『宙をわたる教室』がドラマ化されて評判になっている伊予原新の新作である。相変わらず科学がテーマになっているけど、当然お話自体が面白いから科学は苦手(化学はもう無理)だけど、ついつい手に取ってしまう。空、海、森という自然が背景になっているけど、そこに人もいる。僕は人の物語がいい。ここに描かれるものは人と自然の邂逅である。
今回は5つの短編集。最初の『夢化けの島』を読んで驚いた。科学と物語とが見事に融合して美しいハーモニーを奏でたラブストーリーになった。男女が出会う話だからラブストーリーと書いたが、ふたりはお互いの夢を追いかけた、だけ。それが一致しただけである。萩焼の土を探す男と、見島で岩石の研究を続ける女。幻の土を見つけることで再びこの地で焼き物を始める。それだけの話。これがとてもよかった。
その後の4編も同じ。奈良の山奥でニホンオオカミに出会うWebデザイナーの女性は上手く人とは付き合えない。だから東京から離れてこんなところまで来た。9歳の少年と出会い、幻のオオカミを探す。
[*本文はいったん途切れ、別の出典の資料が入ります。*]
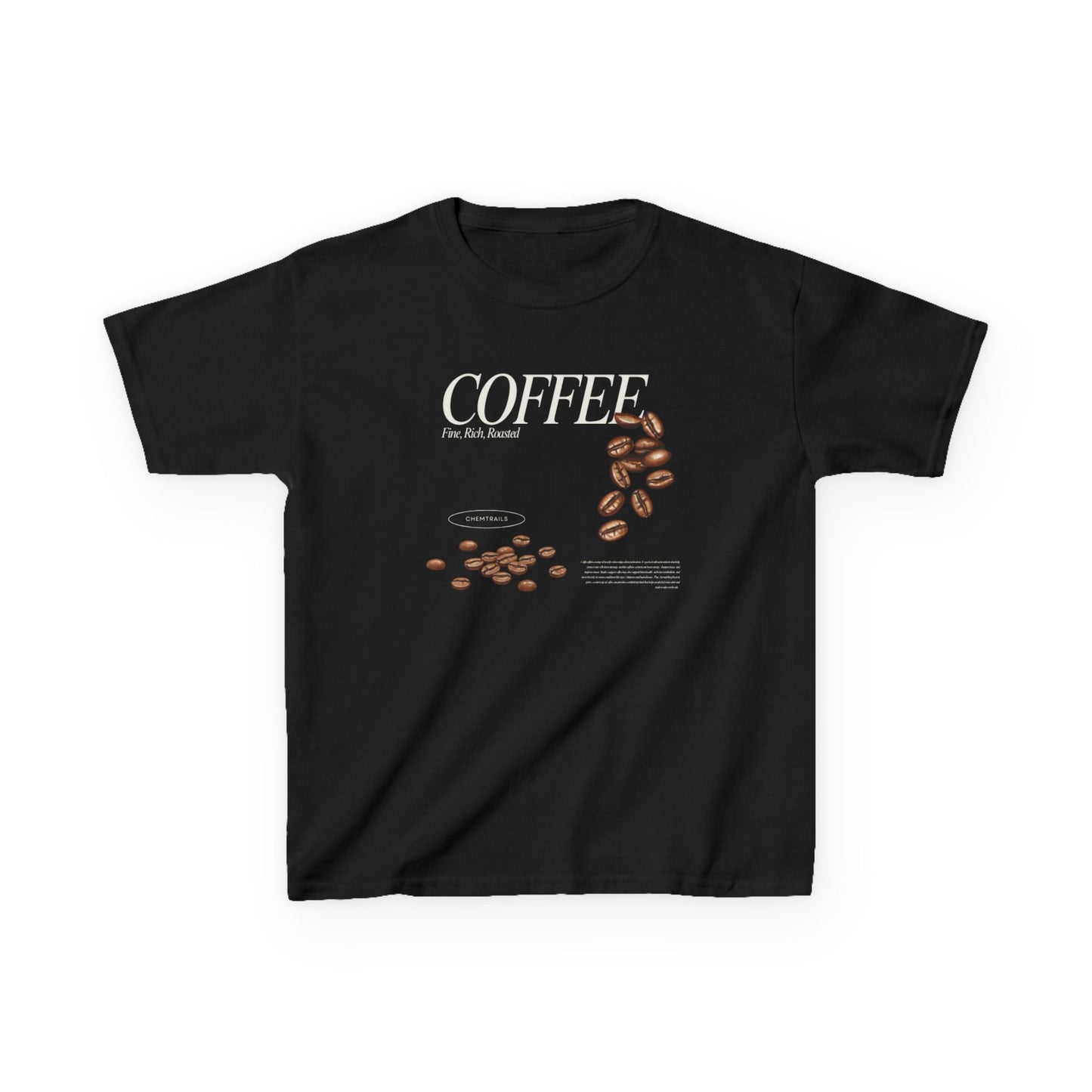 Coffee Nutrition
誰もいない廃屋の中でひっそりと集められていた原爆の記憶。戦後焼け跡から収集した破片。ずっと忘れられていたものと出会う。
さらには、隕石を探すことを巡る出来事を描く話。最後は海亀が帰るのを待つ少女たちの物語へと続く。5つの話を読み終えた時、僕も大切なものを守り続けることに想いを馳せる。自分にとって大切なものは何か、を。